As I walked home, I called my grandmother. We hadn’t spoken in a few weeks, and visiting Orv reminded me I needed to call her. She always asked after Orv and I told her the news, and how surprised I was at his emotional response.
“Nobody’s ever really ready to die, Lydia,” she chided. “No matter your age, or how prepared you should be, or how lonely you are. We’ll all be upset when we learn we’re living our last days.”
I guess it’s true. My grandmother recently survived a back surgery that several doctors said she wouldn’t. She beat breast cancer at age 82, enduring chemotherapy that left her weak and too sick to see her 30-odd grandkids and great-grandkids. She’s been without her husband for over six years now, and attends more funerals than weddings. She gets it.

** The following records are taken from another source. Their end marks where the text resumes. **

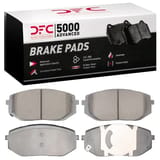 Dynamic Friction Company 5000 Advanced Brake Pads Without Hardware Kit 1551239800 view 1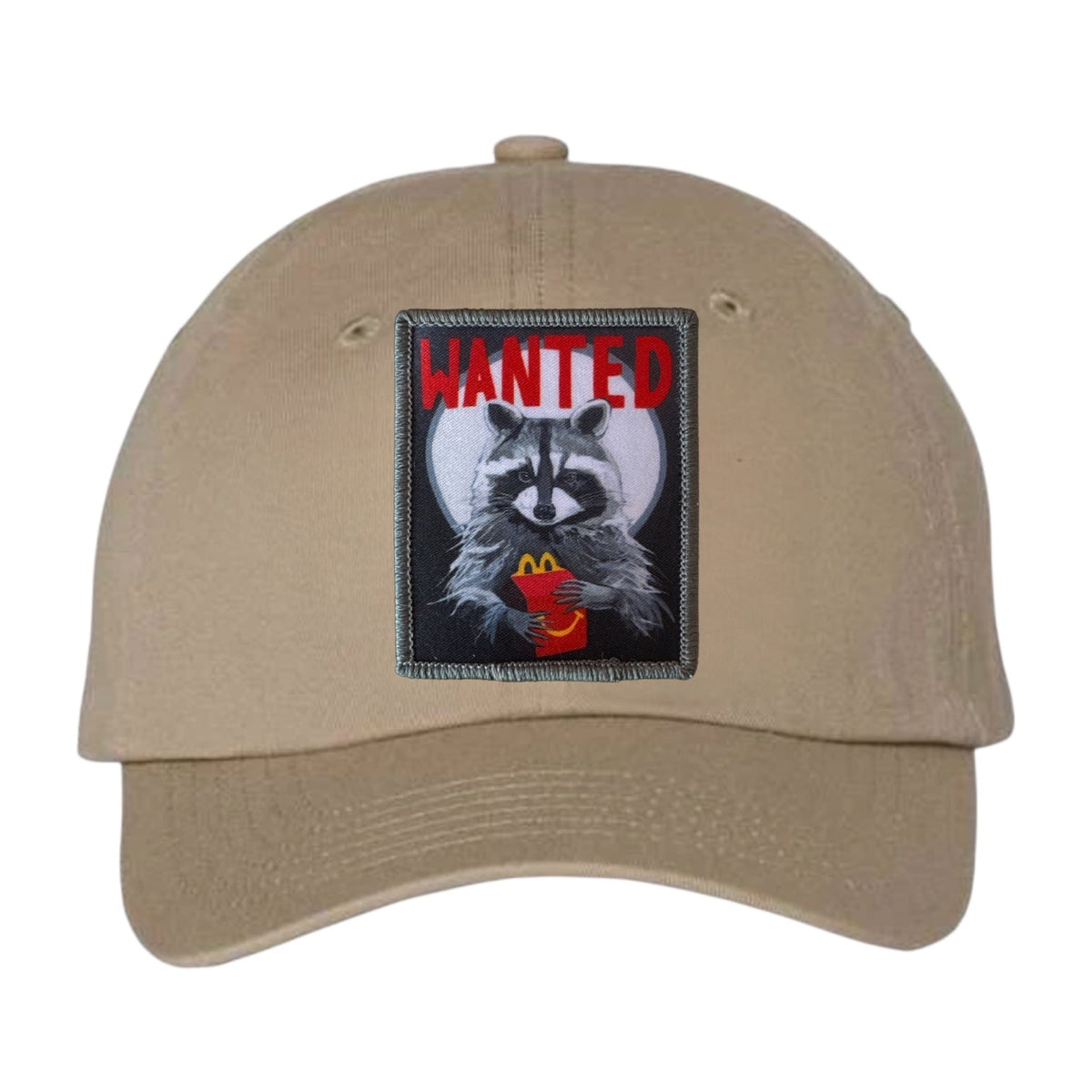Wanted Raccoon Youth Hat - Tan
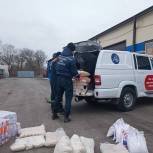Добровольцы доставили гуманитарную помощь детям-сиротам из Донбасса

Visiting Orv is always a gut-check for me. When I’m stressing about work, or my kids’ picky eating habits, a quick visit with Orv gives me perspective and reminds me to prioritize what’s most important: love and happiness. The rest is just background noise.
I believed that Orv’s clarity of focus came from recognizing that his days on earth were numbered, and preparing for each day as if it were his last. Turns out I was wrong.
Like all of us, ages eighteen to eighty, he doesn’t want to shuffle off this mortal coil any sooner than he has to. Life may not always be sweet when you’re a 94-year-old shut-in, but it’s still life. And that’s worth fighting for.